About this task: Where the string "Green" occurs in a line of the entries below, copy that line.

+-------+

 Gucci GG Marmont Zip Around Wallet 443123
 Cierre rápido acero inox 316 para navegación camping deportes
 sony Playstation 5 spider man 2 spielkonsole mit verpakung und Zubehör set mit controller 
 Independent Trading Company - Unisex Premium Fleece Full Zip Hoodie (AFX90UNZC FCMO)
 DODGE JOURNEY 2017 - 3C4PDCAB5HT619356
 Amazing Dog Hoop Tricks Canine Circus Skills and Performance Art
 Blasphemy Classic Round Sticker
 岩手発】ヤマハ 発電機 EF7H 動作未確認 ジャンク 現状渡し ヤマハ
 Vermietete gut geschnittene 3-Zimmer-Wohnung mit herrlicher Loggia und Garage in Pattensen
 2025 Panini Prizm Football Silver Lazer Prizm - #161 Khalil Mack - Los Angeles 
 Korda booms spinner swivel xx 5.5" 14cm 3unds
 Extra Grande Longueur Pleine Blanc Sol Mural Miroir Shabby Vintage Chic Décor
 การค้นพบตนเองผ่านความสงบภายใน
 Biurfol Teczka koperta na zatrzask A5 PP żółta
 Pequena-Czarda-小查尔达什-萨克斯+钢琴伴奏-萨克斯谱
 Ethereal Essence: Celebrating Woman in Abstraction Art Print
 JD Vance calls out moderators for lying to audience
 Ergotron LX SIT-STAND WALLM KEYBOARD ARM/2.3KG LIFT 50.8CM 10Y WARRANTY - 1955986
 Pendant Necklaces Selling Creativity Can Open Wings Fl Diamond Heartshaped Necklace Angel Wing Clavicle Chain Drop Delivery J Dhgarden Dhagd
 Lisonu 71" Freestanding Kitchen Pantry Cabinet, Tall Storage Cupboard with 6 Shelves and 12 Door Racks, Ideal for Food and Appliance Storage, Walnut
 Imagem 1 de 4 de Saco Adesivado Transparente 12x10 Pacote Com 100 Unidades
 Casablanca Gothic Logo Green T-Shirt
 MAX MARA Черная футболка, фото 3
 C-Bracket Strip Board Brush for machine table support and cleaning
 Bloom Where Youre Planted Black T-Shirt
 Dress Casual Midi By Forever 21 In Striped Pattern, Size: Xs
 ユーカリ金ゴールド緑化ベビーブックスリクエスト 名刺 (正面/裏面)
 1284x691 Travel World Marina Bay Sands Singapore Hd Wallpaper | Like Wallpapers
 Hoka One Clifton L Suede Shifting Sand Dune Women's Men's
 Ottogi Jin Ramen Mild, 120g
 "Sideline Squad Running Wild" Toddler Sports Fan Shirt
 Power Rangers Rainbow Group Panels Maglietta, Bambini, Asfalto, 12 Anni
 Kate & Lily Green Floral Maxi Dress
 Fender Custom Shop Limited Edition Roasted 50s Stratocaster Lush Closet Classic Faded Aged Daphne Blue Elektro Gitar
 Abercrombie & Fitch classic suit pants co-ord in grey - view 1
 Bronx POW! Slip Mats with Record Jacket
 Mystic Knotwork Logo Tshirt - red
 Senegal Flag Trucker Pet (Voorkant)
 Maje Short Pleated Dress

+-------+

Written solution:
 Casablanca Gothic Logo Green T-Shirt
 Kate & Lily Green Floral Maxi Dress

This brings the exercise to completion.